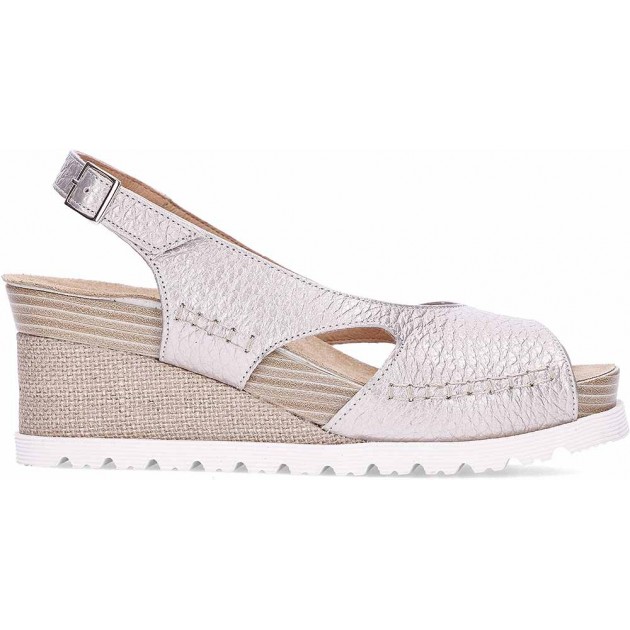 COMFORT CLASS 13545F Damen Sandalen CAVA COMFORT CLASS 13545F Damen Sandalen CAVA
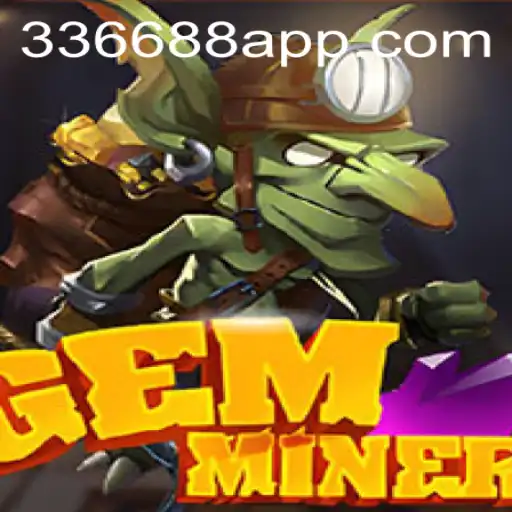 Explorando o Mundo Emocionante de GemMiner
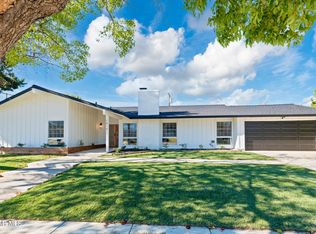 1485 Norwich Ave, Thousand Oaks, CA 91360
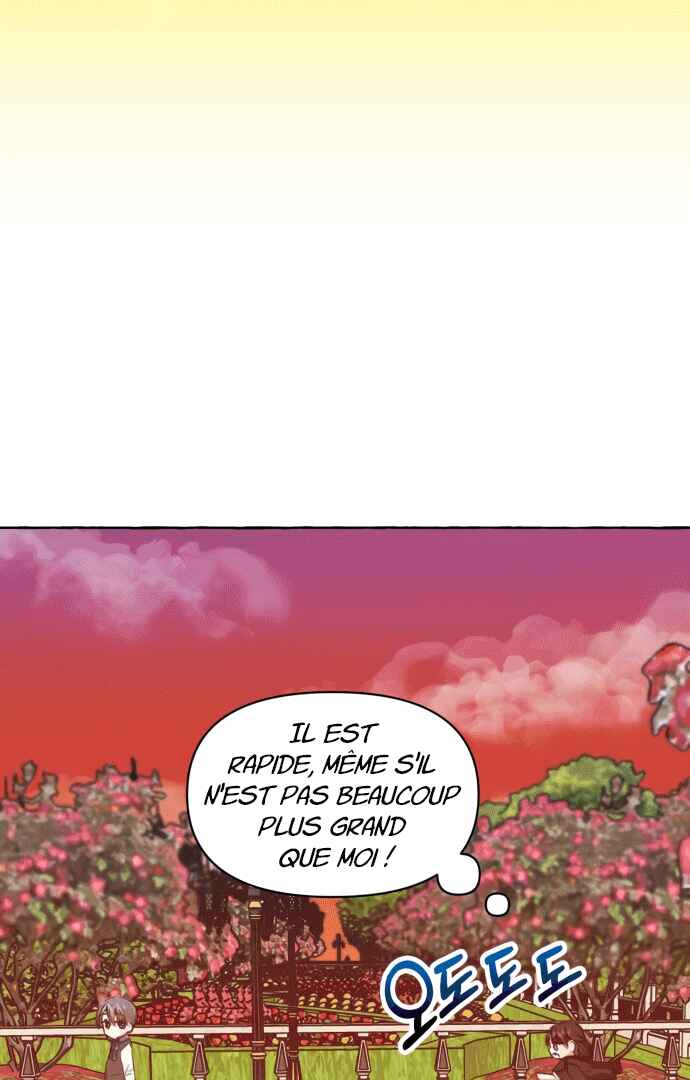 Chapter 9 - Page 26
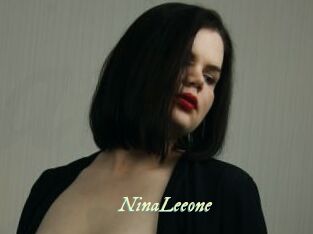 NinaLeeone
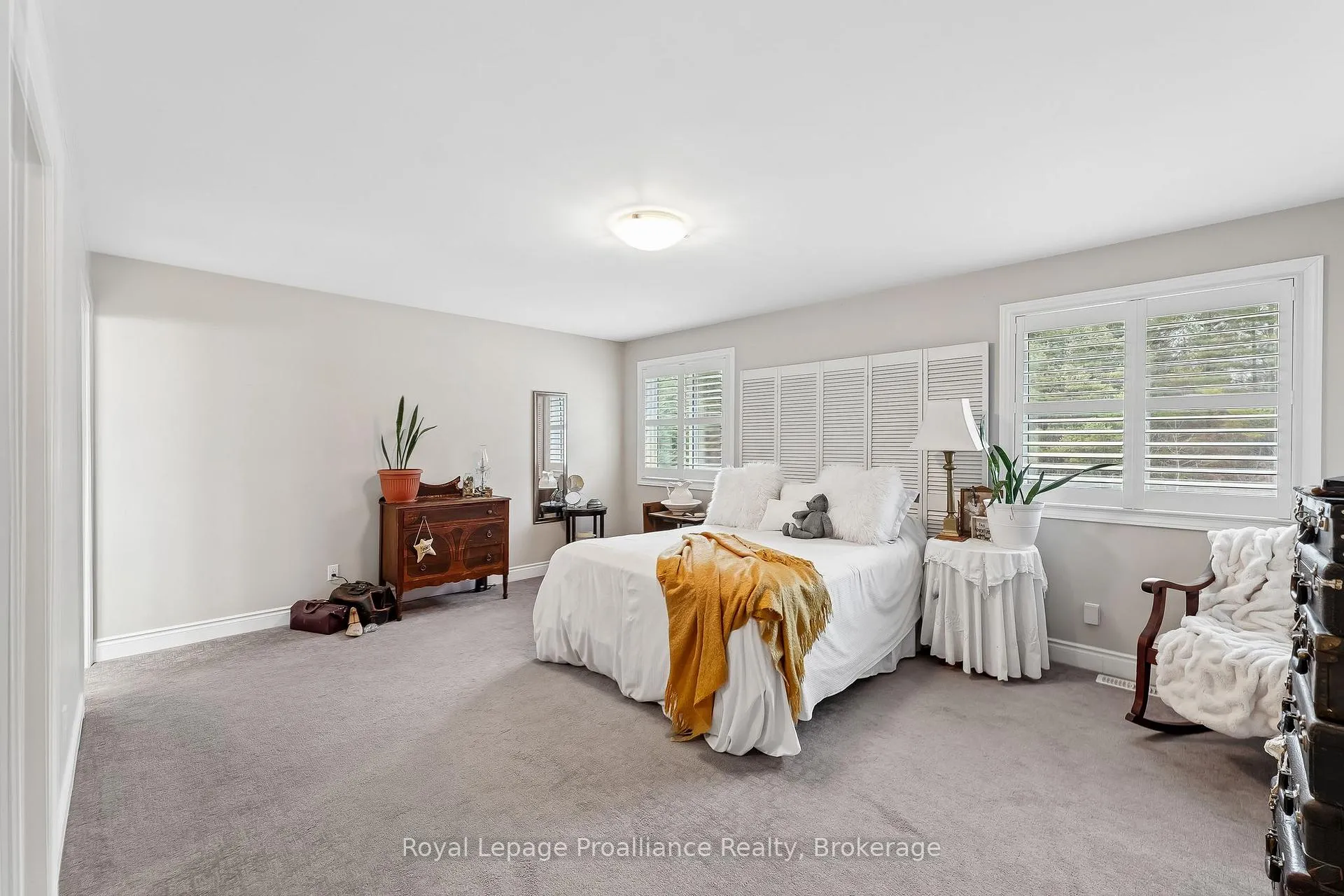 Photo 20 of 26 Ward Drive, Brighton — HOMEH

Aim of the task: Nothing but the lines from the one holding "Explorando o Mundo Emocionante de GemMiner" to the end of the entries above should be echoed, exactly and with both ends included; omit the pictures.

Answer area:
 Explorando o Mundo Emocionante de GemMiner
 1485 Norwich Ave, Thousand Oaks, CA 91360
 Chapter 9 - Page 26
 NinaLeeone
 Photo 20 of 26 Ward Drive, Brighton — HOMEH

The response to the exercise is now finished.